Мы поскакали. Я обхватил его руками, чтобы держаться за гриву. Мои руки покрылись кровью. Лошадь была тяжело ранена, но благородное животное мчалось вперед, напрягая последние силы. Пущенные в нас пули пели и свистели, но проносились мимо нас, ведь расстояние до стрелков увеличивалось.

«Не бойся, – сказал мой спаситель, – они в тебя не попадут». Я промолчал, и он продолжил: «Моя лошадь, моя бедная лошадь. Ранена разрывной пулей. Черти! Но их час придет. О моя бедная лошадь!»

Я заметил: «Зато ты спас мне жизнь». «Да, – сказал он в ответ, – но я думаю именно о лошади». На этом наш разговор закончился.

Я стал реже слышать посвист пуль, в нас уже не могли попасть, когда мы удалились на 500 ярдов[18]. Ведь лошадь на полном скаку – трудная цель, кроме того, буры запыхались и были возбуждены. Тем не менее я заехал за укрытие другого копье с большим облегчением.

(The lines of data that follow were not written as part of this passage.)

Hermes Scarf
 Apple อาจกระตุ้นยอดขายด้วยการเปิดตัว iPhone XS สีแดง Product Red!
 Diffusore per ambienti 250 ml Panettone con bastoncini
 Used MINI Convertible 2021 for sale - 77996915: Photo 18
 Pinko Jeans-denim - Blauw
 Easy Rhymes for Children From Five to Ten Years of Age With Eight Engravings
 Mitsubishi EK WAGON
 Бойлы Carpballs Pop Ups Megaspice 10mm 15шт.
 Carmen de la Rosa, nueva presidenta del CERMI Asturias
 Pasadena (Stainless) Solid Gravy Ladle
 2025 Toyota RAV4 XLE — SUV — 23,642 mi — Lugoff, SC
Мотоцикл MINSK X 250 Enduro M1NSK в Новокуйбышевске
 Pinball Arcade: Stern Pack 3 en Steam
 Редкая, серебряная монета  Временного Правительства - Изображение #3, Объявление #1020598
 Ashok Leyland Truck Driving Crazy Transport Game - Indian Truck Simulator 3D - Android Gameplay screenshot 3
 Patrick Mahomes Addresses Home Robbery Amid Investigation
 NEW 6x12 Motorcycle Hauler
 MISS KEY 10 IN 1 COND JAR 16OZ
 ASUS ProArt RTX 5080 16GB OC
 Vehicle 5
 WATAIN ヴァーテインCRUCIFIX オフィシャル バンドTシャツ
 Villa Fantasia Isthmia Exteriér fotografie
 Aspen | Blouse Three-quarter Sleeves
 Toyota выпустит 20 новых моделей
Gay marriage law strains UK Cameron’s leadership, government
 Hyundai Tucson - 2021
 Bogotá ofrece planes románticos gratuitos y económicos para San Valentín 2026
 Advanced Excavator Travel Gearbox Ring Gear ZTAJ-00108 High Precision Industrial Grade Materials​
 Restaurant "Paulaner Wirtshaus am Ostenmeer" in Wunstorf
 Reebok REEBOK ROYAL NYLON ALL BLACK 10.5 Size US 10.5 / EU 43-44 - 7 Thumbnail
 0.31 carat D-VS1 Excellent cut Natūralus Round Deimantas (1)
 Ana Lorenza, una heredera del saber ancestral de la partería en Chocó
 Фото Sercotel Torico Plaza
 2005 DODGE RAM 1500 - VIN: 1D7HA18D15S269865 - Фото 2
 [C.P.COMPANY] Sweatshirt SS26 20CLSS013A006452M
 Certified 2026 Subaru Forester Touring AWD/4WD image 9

Снова на моих игральных костях выпали две шестерки.

Это не Гиббон[19] и не псевдоклассицизм, а скорее напоминает что-то сошедшее со страниц викторианского автора приключенческих романов Генри Райдера Хаггарда: четкое, лаконичное, полное стремительных действий повествование, благодаря чему читатель движется по тексту дальше и дальше. Черчилль умел описывать сражения лучше, чем многие из величайших современных мастеров, и у него имелось бесценное преимущество – он был вправе использовать первое лицо.

Черчилль мог бы писать для Boy’s Own[20]. Его проза звучала, когда он того хотел, подобно отрывку из «Удивительной книги героических поступков»[21]. Но у Черчилля было много других снарядов в его журналистском арсенале. Он мог предаваться и глубоким размышлениям: о вреде исламского фундаментализма или об ужасах войны. Иногда он был зол – и зол на своих.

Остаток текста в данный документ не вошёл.